TASK MATERIAL →
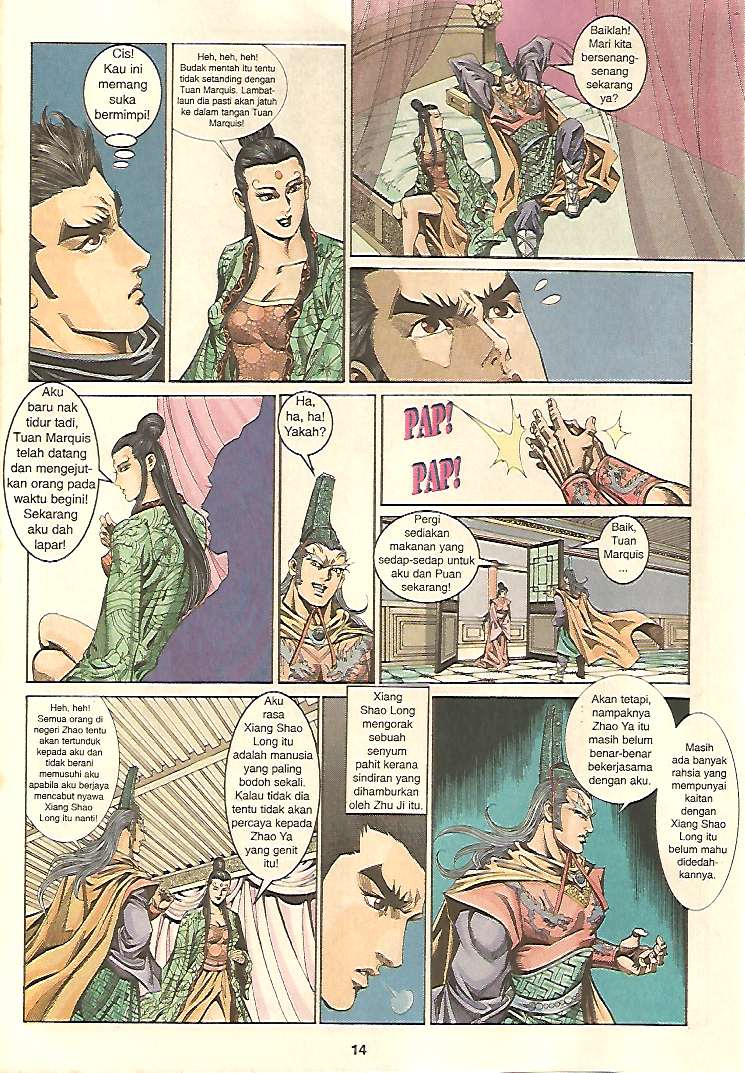 Zaman Perbalahan: Chapter 34 - Page 14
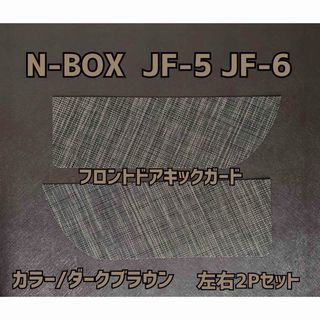 N-BOX JF-5 JF-6 フロントドアキックガード 左右2P(車内アクセサリ)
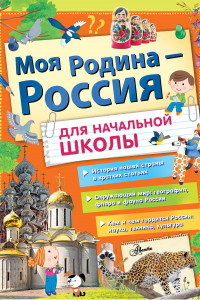 Книга Моя Родина - Россия для начальной школы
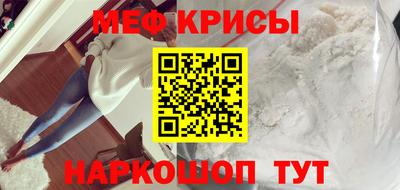 индика Конаково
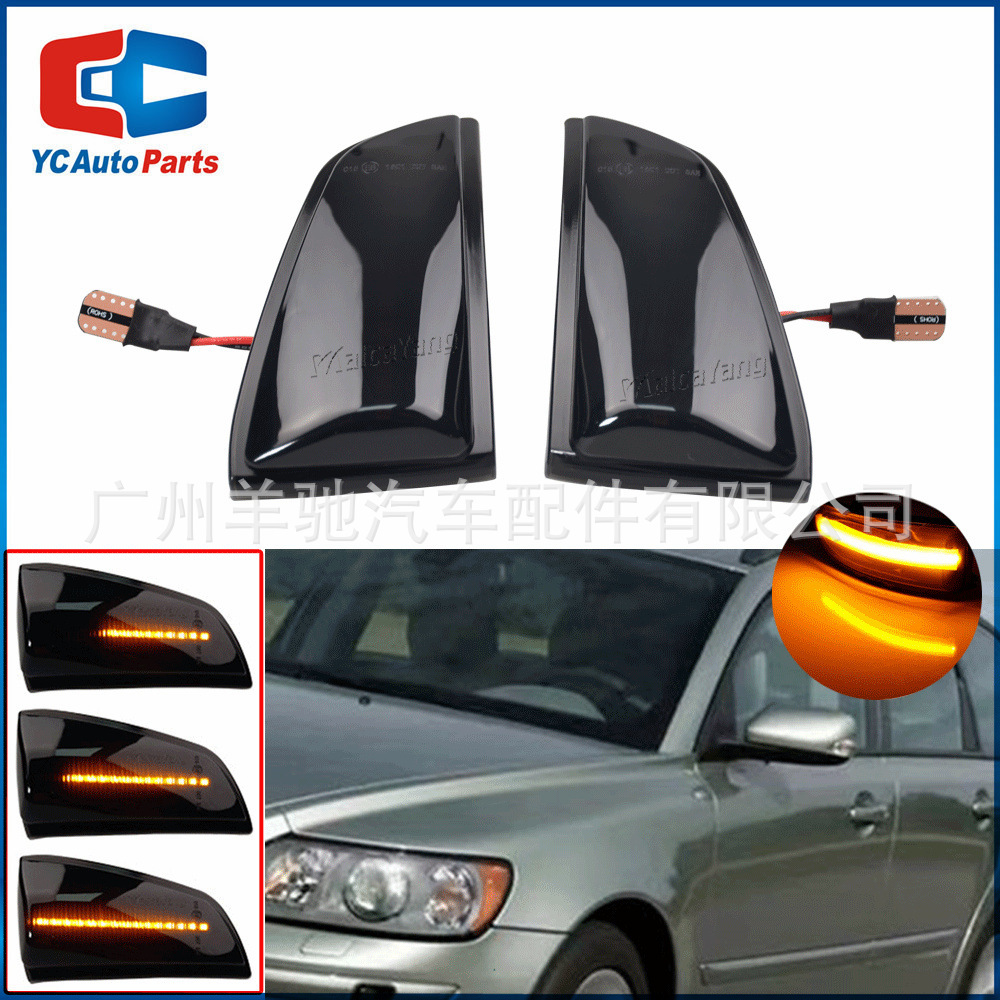 Aplicable a Volvo S40 C70 V50 espejo retrovisor luz de señal LED dinámico Luz de marcha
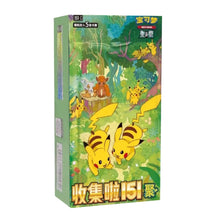 Pokemon Chinese 151 Gathering Booster Box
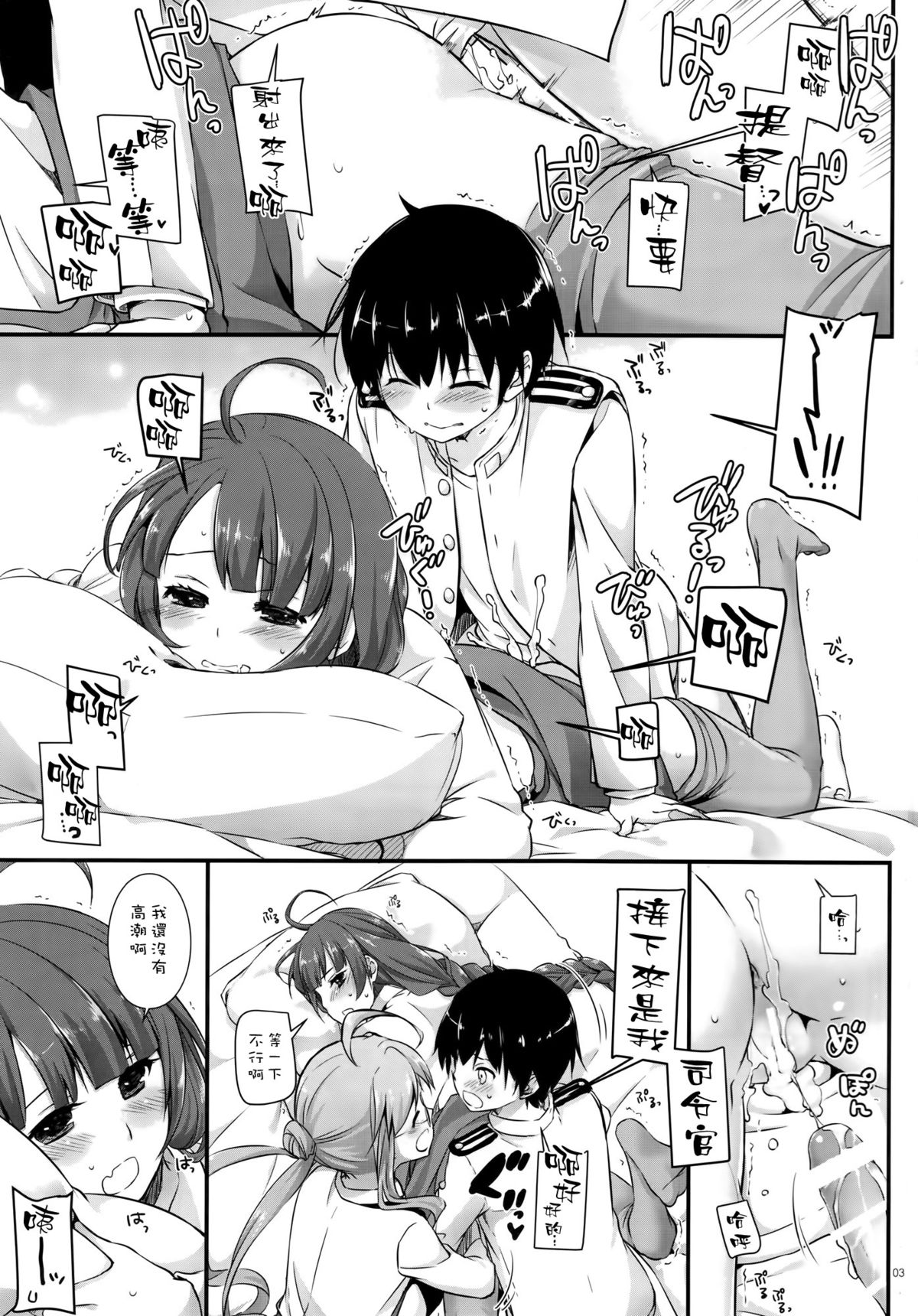 D.L. action 103 page 3 full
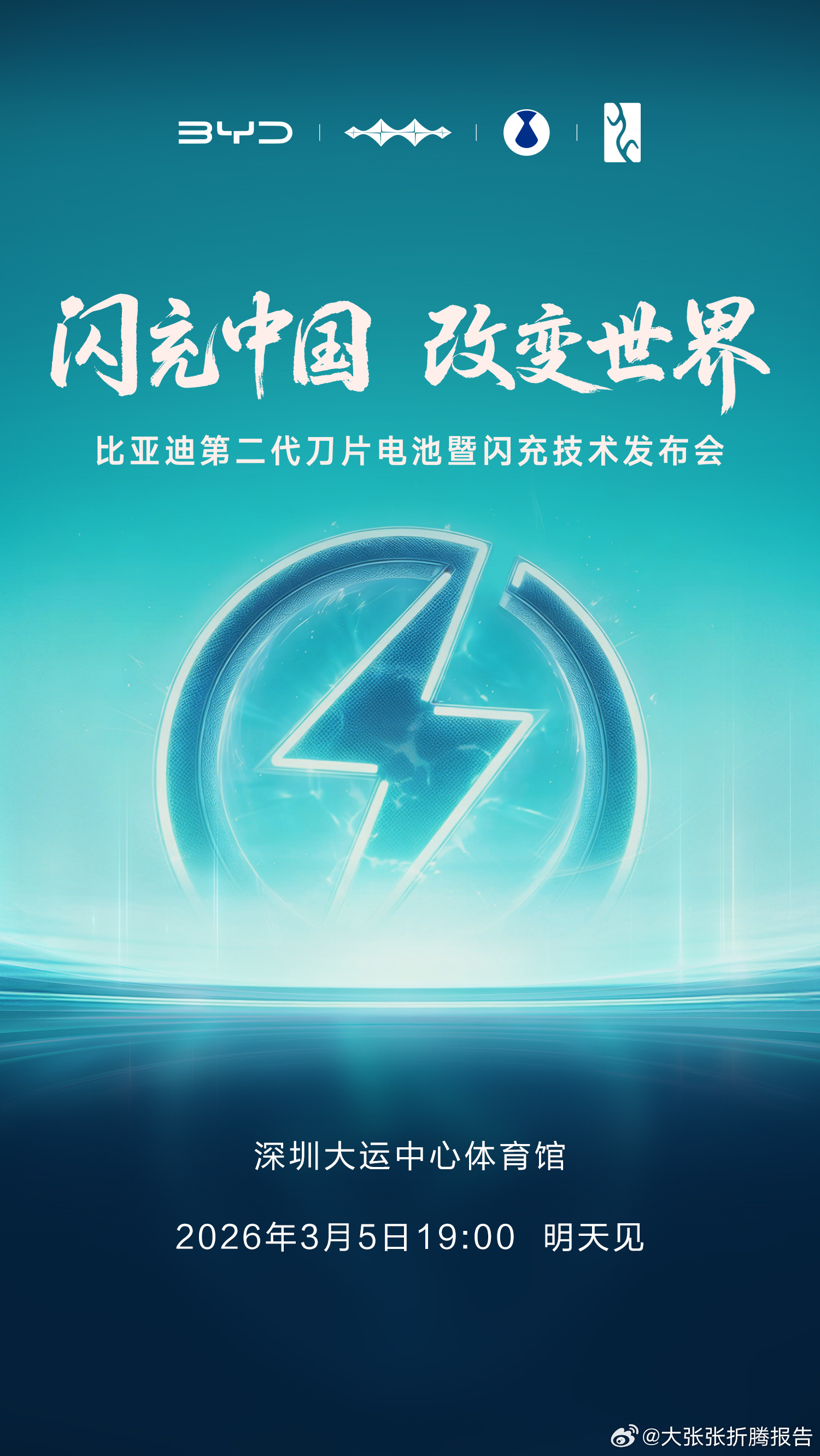 比亚迪明天这场发布会，很可能是今年新能源技术的关键节点。期待已久的第二代刀片电池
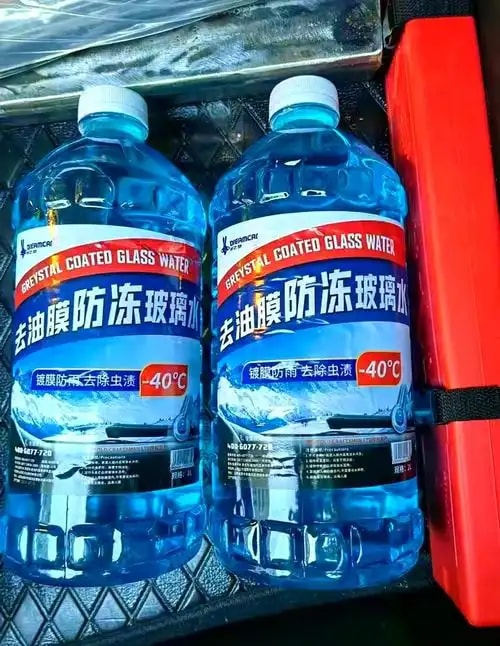 汽车玻璃水
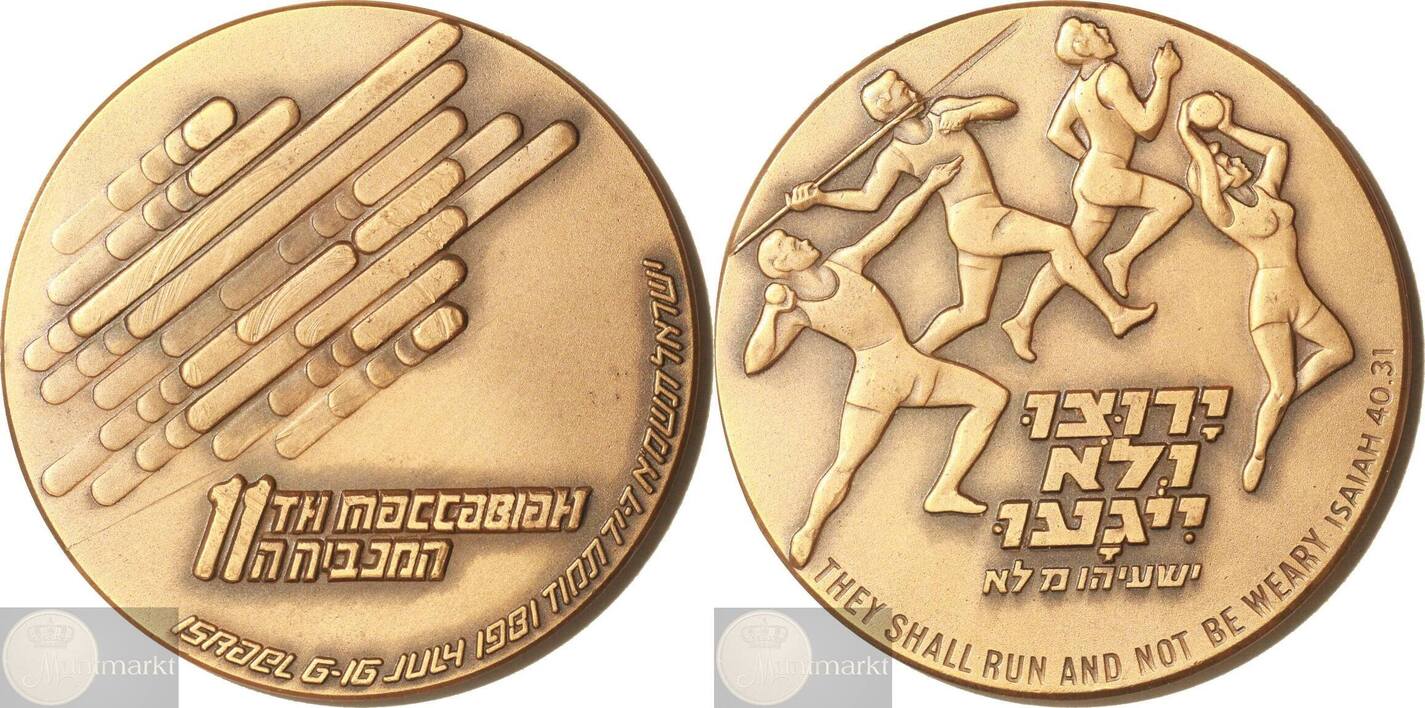 Israel Historical Medal 1981 AllJewish sports event The 11th Maccabiah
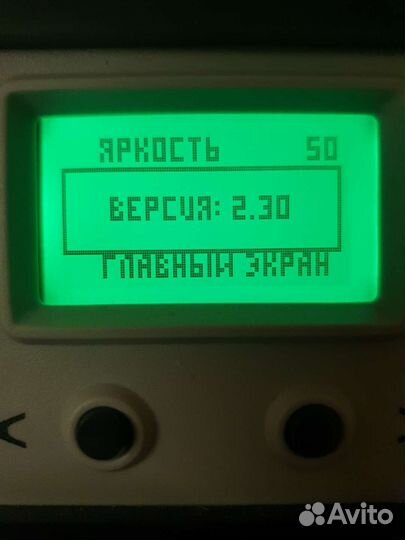 Зарядное устройство Вымпел 55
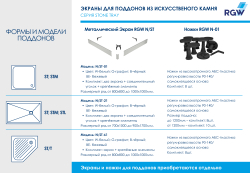 Душевой поддон квадратный RGW ST-De Пустыня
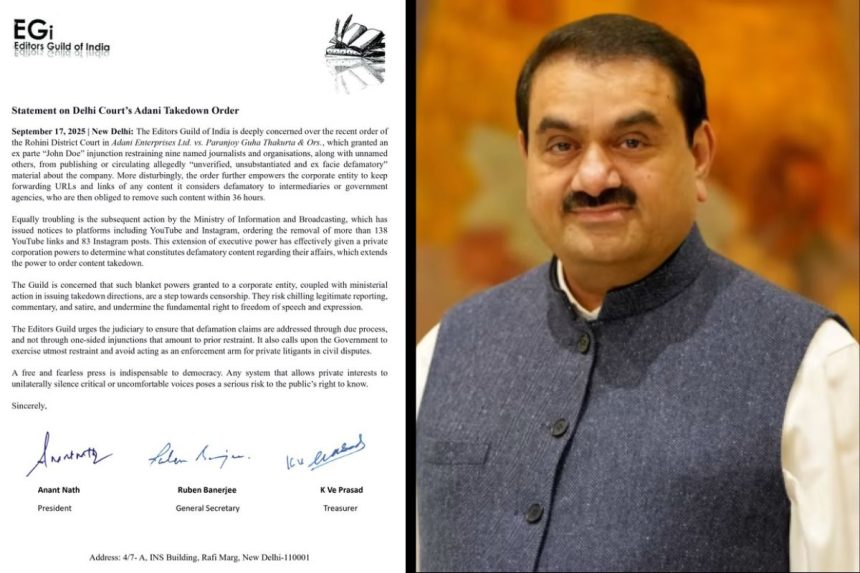 Editors Guild of India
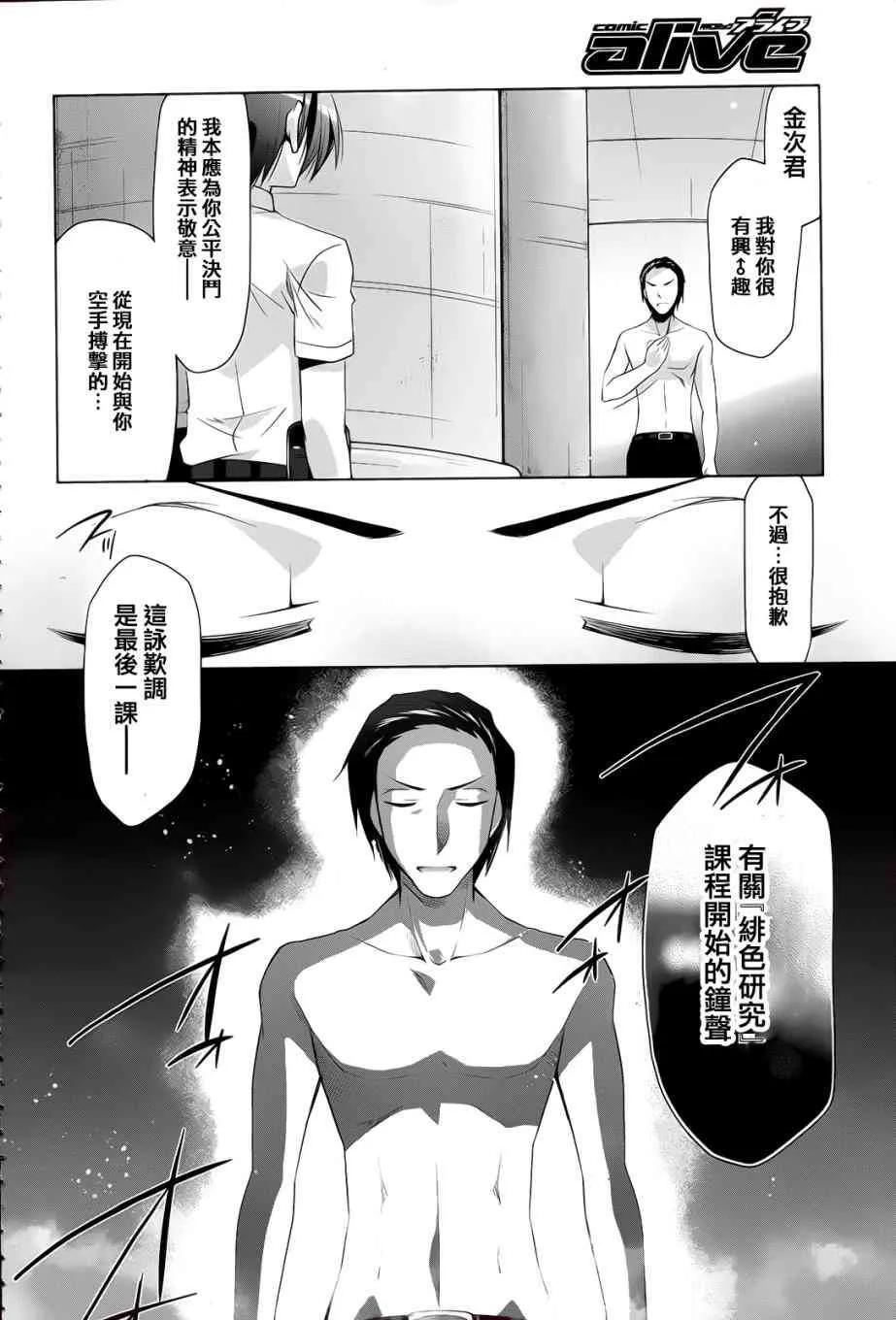 65话 第27页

WHAT THE TASK ASKS → Give back all entries exactly. No pictures belong in the copy.

SOLVED EXERCISE →
 Zaman Perbalahan: Chapter 34 - Page 14
 N-BOX JF-5 JF-6 フロントドアキックガード 左右2P(車内アクセサリ)
 Книга Моя Родина - Россия для начальной школы
 индика Конаково
 Aplicable a Volvo S40 C70 V50 espejo retrovisor luz de señal LED dinámico Luz de marcha
 Pokemon Chinese 151 Gathering Booster Box
 D.L. action 103 page 3 full
 比亚迪明天这场发布会，很可能是今年新能源技术的关键节点。期待已久的第二代刀片电池
 汽车玻璃水
 Israel Historical Medal 1981 AllJewish sports event The 11th Maccabiah
 Зарядное устройство Вымпел 55
 Душевой поддон квадратный RGW ST-De Пустыня
 Editors Guild of India
 65话 第27页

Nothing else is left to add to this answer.